Philippines To Appeal To ASEAN To Halt China's Construction Of A School On Yongxing Island In South China Sea

 @SnehaShankar30
on June 16 2014 5:04 AM
Anti-China protests
Filipino activists and Vietnamese nationals display placards and chant anti-China slogans as they march outside the Chinese Consulate in Manila's Makati financial district on May 16, 2014. Reuters/Erik De Castro

The Philippines said Monday that it will appeal to the Association of Southeast Asian Nations, or ASEAN, to halt China’s construction of a school on an island in the disputed waters of the South China Sea.

The decision follows China's move on Saturday to begin building a school for the children of its military personnel posted on the largest island in the Paracel Islands cluster, whose ownership is disputed by several of Beijing’s neighbors.
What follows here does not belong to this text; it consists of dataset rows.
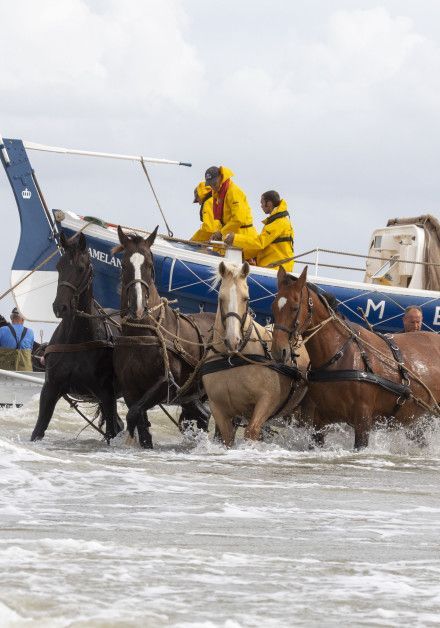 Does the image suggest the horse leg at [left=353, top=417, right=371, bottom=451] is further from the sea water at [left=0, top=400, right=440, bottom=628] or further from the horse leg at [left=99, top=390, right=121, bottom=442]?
the horse leg at [left=99, top=390, right=121, bottom=442]

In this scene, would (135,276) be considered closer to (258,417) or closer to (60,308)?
(60,308)

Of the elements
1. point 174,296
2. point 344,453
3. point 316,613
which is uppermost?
point 174,296

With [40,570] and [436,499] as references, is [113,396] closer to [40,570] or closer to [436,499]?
[436,499]

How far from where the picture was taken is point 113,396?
12.5 meters

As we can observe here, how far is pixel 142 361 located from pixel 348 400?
1.80 m

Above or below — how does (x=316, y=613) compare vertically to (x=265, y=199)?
below

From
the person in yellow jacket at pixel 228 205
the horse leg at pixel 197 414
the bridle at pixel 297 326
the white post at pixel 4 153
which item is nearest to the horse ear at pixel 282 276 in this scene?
the bridle at pixel 297 326

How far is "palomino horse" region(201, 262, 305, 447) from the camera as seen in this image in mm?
11430

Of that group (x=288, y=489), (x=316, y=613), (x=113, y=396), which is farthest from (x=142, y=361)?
(x=316, y=613)

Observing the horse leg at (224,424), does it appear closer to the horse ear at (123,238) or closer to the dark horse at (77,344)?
the dark horse at (77,344)

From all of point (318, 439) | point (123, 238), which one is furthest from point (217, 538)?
point (318, 439)

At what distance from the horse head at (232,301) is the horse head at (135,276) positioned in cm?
67

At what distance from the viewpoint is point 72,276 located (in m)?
12.0

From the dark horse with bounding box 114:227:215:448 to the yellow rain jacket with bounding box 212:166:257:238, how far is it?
4137mm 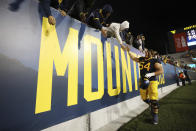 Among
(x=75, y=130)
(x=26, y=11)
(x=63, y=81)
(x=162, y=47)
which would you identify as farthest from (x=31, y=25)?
(x=162, y=47)

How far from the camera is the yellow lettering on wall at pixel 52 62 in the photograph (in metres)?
1.52

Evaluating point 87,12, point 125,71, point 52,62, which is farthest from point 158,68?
point 52,62

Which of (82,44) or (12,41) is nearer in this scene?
(12,41)

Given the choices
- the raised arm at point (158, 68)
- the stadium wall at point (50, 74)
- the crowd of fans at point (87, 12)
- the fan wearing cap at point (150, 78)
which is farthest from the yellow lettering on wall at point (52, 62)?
the raised arm at point (158, 68)

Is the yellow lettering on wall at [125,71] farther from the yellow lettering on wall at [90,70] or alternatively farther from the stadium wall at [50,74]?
the yellow lettering on wall at [90,70]

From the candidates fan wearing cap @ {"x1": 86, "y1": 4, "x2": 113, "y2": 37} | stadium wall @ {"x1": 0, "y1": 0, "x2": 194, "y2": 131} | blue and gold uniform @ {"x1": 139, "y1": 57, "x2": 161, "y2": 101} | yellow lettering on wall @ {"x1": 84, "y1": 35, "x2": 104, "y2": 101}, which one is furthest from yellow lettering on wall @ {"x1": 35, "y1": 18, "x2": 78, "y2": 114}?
blue and gold uniform @ {"x1": 139, "y1": 57, "x2": 161, "y2": 101}

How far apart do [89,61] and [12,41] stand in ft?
4.60

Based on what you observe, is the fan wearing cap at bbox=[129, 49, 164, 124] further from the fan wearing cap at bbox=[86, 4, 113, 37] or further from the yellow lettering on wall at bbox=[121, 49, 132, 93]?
the fan wearing cap at bbox=[86, 4, 113, 37]

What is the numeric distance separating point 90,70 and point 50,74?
0.93 m

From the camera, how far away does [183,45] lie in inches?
888

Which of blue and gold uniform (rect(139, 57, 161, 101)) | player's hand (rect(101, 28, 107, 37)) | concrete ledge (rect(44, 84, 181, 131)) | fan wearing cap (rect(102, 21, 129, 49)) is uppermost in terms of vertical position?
fan wearing cap (rect(102, 21, 129, 49))

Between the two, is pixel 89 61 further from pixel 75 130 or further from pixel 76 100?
pixel 75 130

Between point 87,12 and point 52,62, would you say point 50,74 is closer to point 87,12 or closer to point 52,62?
point 52,62

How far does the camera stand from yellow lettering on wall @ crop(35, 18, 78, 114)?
152cm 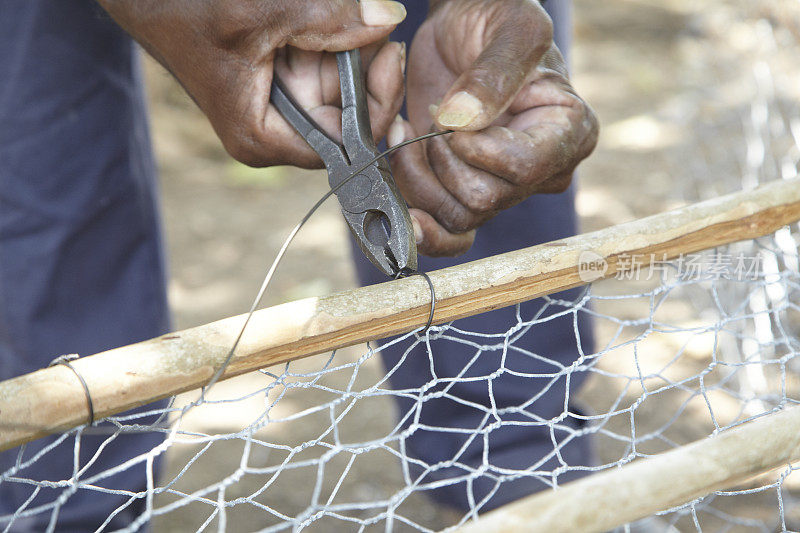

Two years ago, China, reportedly in a bid to establish its supremacy in that region of the South China Sea, set up a city called Sansha on the oil-rich piece of land known as Woody Island, which the Chinese call Yongxing.

"I think we would use the international community to step up and to say that we need to manage the tensions in the South China Sea before it gets out of hand," Albert del Rosario, Philippines’ foreign secretary said, according to Associated Press, or AP.

Yongxing Island, which lies about 220 miles from China’s southernmost province of Hainan, is also claimed by Vietnam and Taiwan. The Chinese-built city of Sansha is also equipped with facilities such as an airport, cellphone coverage and satellite television to serve the 1,443 people living on the island, AP reported.  

Del Rosario said, according to AP, which cited a local news network, that China’s move to build a school in the city is aimed at expanding its hold in the South China Sea as rapidly as possible, before the ASEAN bloc sets rigid rules to operate in the region. He added that his country is working on formulating a code of conduct to control disputable activities in the region, based on the recommendations of Danny Russel, a top diplomat from the U.S.

The situation in the South China Sea remains strained since China dispatched an oil rig last month into the disputed waters, triggering violent protests in Vietnam against Chinese-owned businesses in the country.

The Philippines too has opposed China's moves and says that Beijing has built military bases and airstrips in the region. Filipino officials Sunday also opposed China’s move of reclaiming land in the McKennan-Hughes reef on the Spratly Islands, an archipelago south of the Paracel Islands and off the coasts of the Philippines, Vietnam and Malaysia, in the South China Sea.